BEGIN Record set
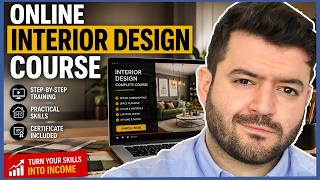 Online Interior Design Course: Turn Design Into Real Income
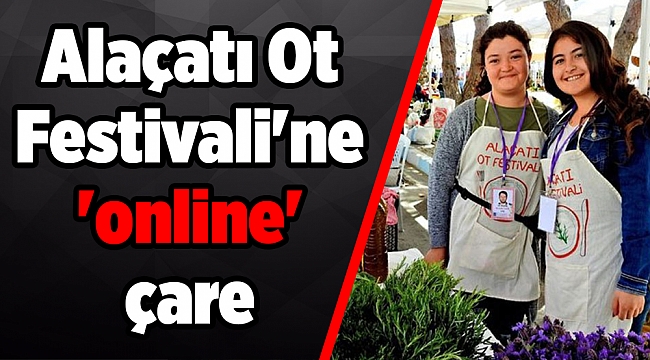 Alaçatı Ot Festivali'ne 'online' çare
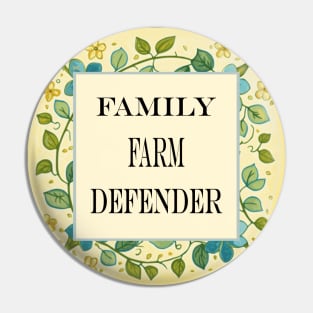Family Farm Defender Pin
END Record set
BEGIN Record set
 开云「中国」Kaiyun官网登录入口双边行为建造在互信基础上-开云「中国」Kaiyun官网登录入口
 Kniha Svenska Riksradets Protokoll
END Record set
**Work item**
The stretch to restate runs from the line above containing "Online Interior Design" through the line containing "Family Farm Defender Pin". Copy it word for word, ends included, without pictures.

**Result for this task**
 Online Interior Design Course: Turn Design Into Real Income
 Alaçatı Ot Festivali'ne 'online' çare
Family Farm Defender Pin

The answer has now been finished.